- Records for this exercise -
^^^^^^^^

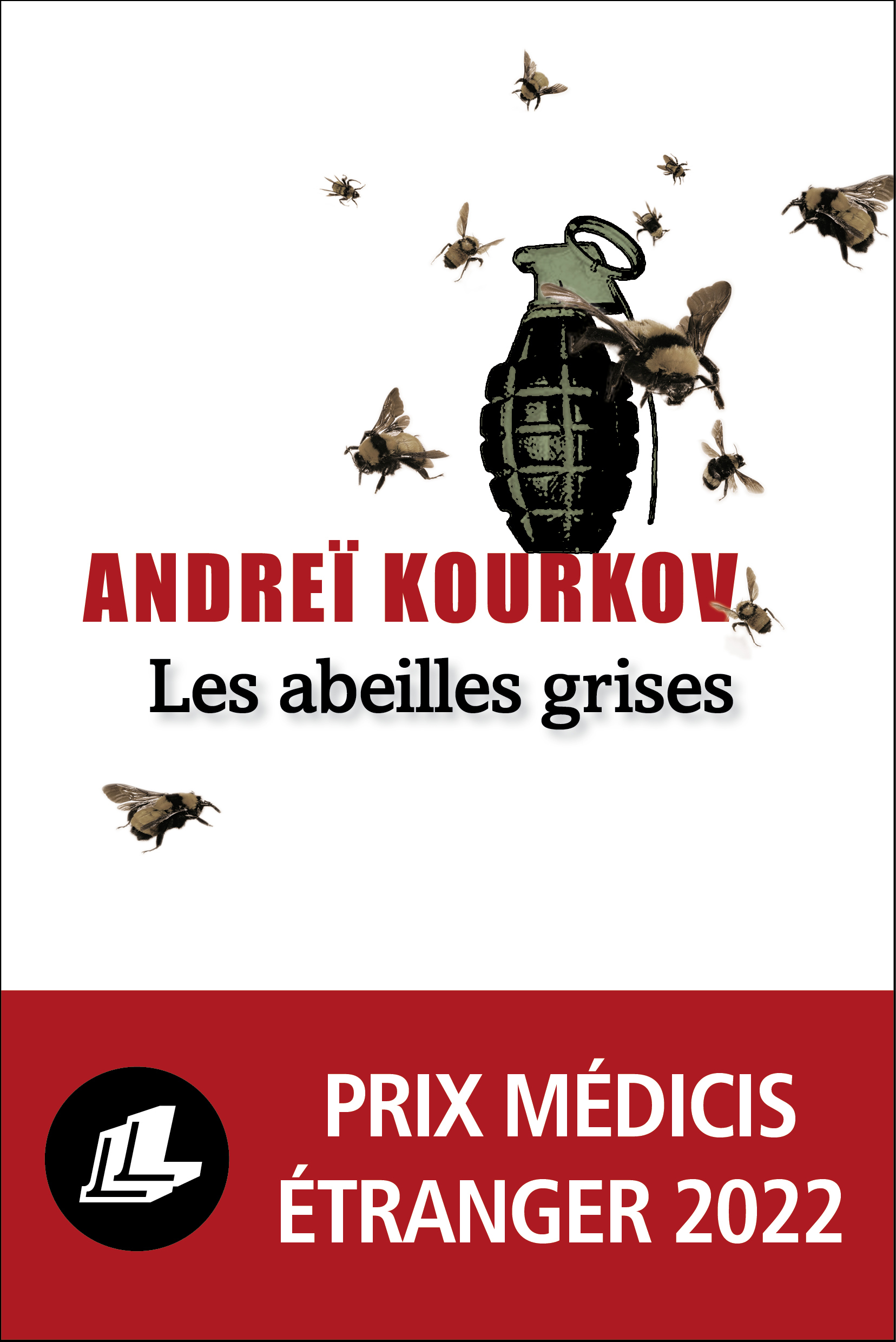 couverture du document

^^^^^^^^

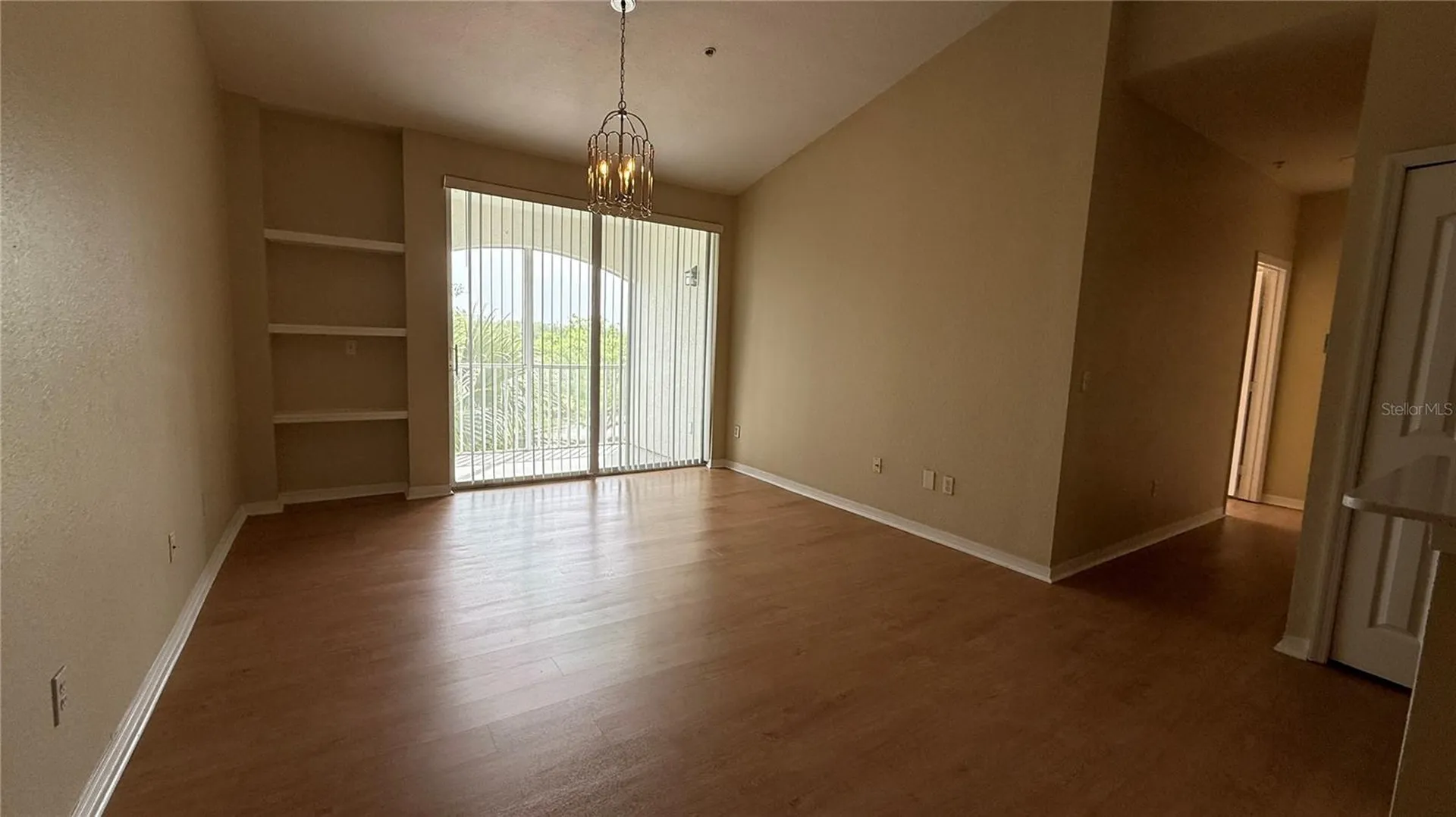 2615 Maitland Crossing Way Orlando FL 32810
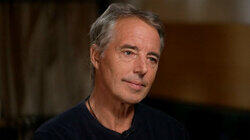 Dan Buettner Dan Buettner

^^^^^^^^

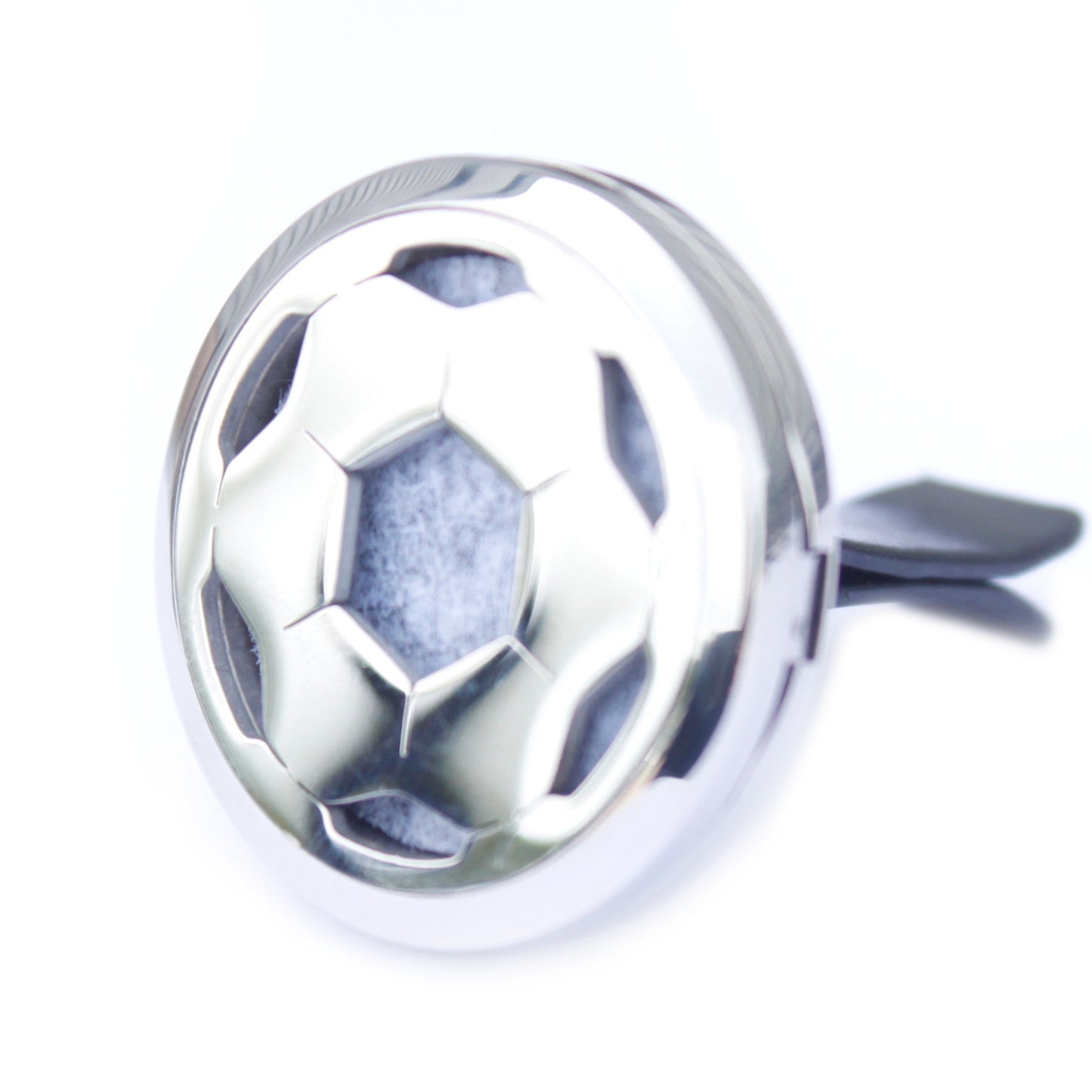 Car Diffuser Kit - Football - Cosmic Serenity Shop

^^^^^^^^

- To do -
Beginning with the line that contains "2615 Maitland Crossing Way Orlando FL 32810" and ending with the line that contains "Dan Buettner Dan Buettner", reproduce the listing exactly, pictures excluded.

- Output -
 2615 Maitland Crossing Way Orlando FL 32810
 Dan Buettner Dan Buettner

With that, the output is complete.